→ PROBLEM DETAILS:
Copy the material below verbatim from the line with "EXCLUSIVITÉ TRENTE-CINQ NOTAIRES" to the line with "Venez découvrir cette maison de m...", both lines included, omitting pictures and every line outside that range.

→ SOURCE RECORDS:
☆ ☆ ☆ ☆

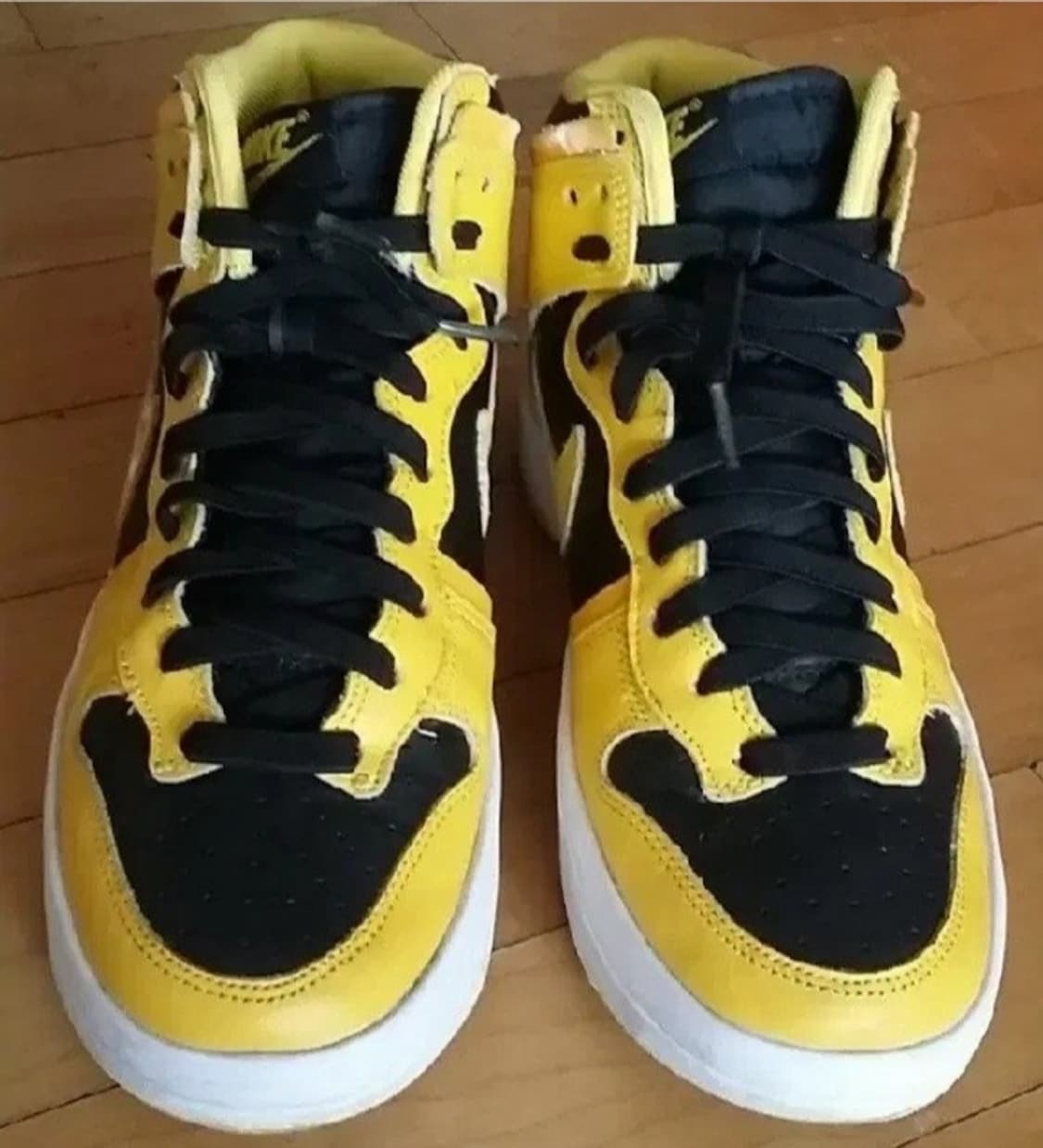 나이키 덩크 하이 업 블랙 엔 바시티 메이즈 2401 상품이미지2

☆ ☆ ☆ ☆

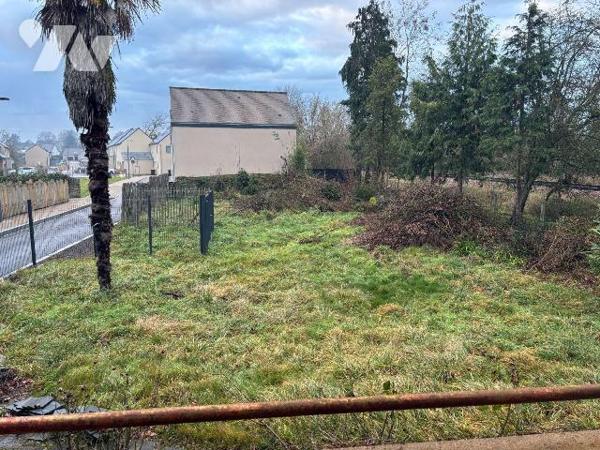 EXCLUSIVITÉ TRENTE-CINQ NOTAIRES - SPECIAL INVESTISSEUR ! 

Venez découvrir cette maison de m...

☆ ☆ ☆ ☆

→ YOUR RESPONSE:
 EXCLUSIVITÉ TRENTE-CINQ NOTAIRES - SPECIAL INVESTISSEUR ! 

Venez découvrir cette maison de m...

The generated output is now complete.